Thesis of the Month: The Currency of Translation

sally-ann spencer-2aSally-Ann Spencer reflects on the evolution of her PhD thesis and finds its end at the beginning as she follows an author across languages.


(Thesis Title: Books Across Borders: German-English Literary Translation in the Contemporary German and Anglo-American Contexts)

There is a chapter missing from my PhD thesis – or so I thought when I submitted the manuscript for examination earlier this year. In the absent chapter I map several different journeys of an author in the literary world, charting the translational reception of German-language writer Daniel Kehlmann and his 2005 novel Die Vermessung der Welt. The story of the book’s extraordinary commercial success has been told and re-told by journalists, scholars and in fictional form, notably by German-language writer Thomas Glavinic and by Kehlmann himself. My particular interest, though, was Kehlmann’s reception in English-language translation – and the role of translation in the German-language reception of his work. Had his success story translated into English?

And to what extent had the publication of numerous translated editions of his novel influenced his status in the German-language media and markets?

My questions about Kehlmann had short and long answers. I wrote up the short answers in a chapter about the production and reception of the UK and US editions of his novel. According to my original thesis plan, the next step was to examine the published translation at a textual level as part of the doctoral project about notions of difficulty in translation criticism. Instead, I worked on the long answers. Intrigued by how Kehlmann has been celebrated for his translatability, I started to look at wider accounts of the translational circulation of German-language books, comparing facts, figures and arguments from different disciplines and sources. I launched into a general enquiry into publishing practices for German-English books and set about developing a new research methodology. As a practising translator, I wanted to offer an empirically grounded account of the translation industry and to present a view of translation as an activity in which multiple dynamics and institutions are in play.

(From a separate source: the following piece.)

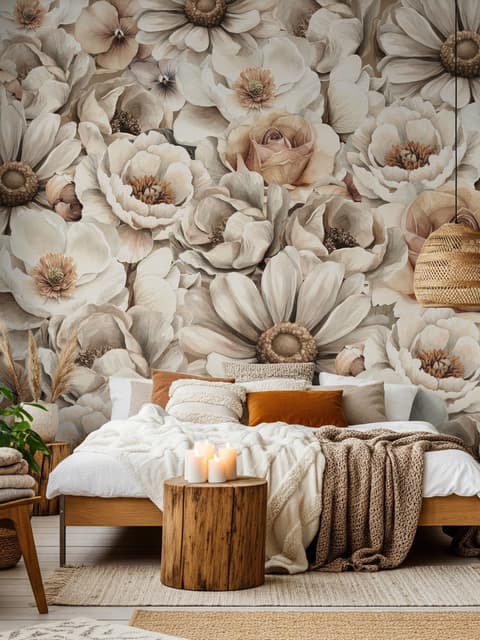 Romantic Garden Bloom Floral Wallpaper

Although my thesis was rapidly changing shape, I still envisaged that its concluding chapter would be a detailed analysis of Kehlmann’s translational reception. I adopted a three-stage structure that would enable me to situate the study of an individual translated author within industry dynamics and global trends and at the same time to re-evaluate frameworks for translation scholarship. Accordingly, I started my thesis at the macro level and examined accounts of world translation, assessing past and present claims about the currency of German-language literature and exploring the place of translation in changing notions of literary quality and prestige. At the mezzo level I charted key developments in German-English translation publishing since 2000, tracing the emergence of new digital-era models and the growth of new initiatives for translated books.

When it came to the micro level, I found myself diverging once more from the plan. The preceding chapters had highlighted significant changes in German-English literary translation throughout the 2000s and into the 2010s. Finishing the investigation with a case study of a single translation published over seven years earlier did not make sense. Instead I examined the varying translational fortunes of winners of the Deutscher Buchpreis since its launch in 2005. The divergent trajectories of Buchpreis winners in translation allowed me to illustrate the developments outlined at the macro and mezzo levels, showing the diversity of current German-English translation publishing and promotion, different constructions of literary prestige and authorship through translation, and the workings of different dynamics and institutions in the circulation of books.

It was only when I read through my thesis in preparation for the viva that I came to see my work on Kehlmann as a productive starting-point and not as a dead-end. The finished thesis was a long response to my original questions about how success translates across borders: it replaced the short, specific answers of my case study with a wide-ranging account of changing translational practices in the digital age. I wrote my thesis with the intention of making an empirical and methodological contribution to translation scholarship and connecting with global concerns in German Studies, but I also hope that my approach and findings will prove useful to researchers following the individual journeys of books and authors from other languages into English. And perhaps I will re-insert my missing chapter as an introduction as I set about turning my research into a book.


Sally-Ann Spencer recently completed her PhD in Literary Translation Studies at Victoria University of Wellington in New Zealand. She was awarded the Women in German Studies First Book Prize for a proposed book version of her doctoral research which will be published by Peter Lang.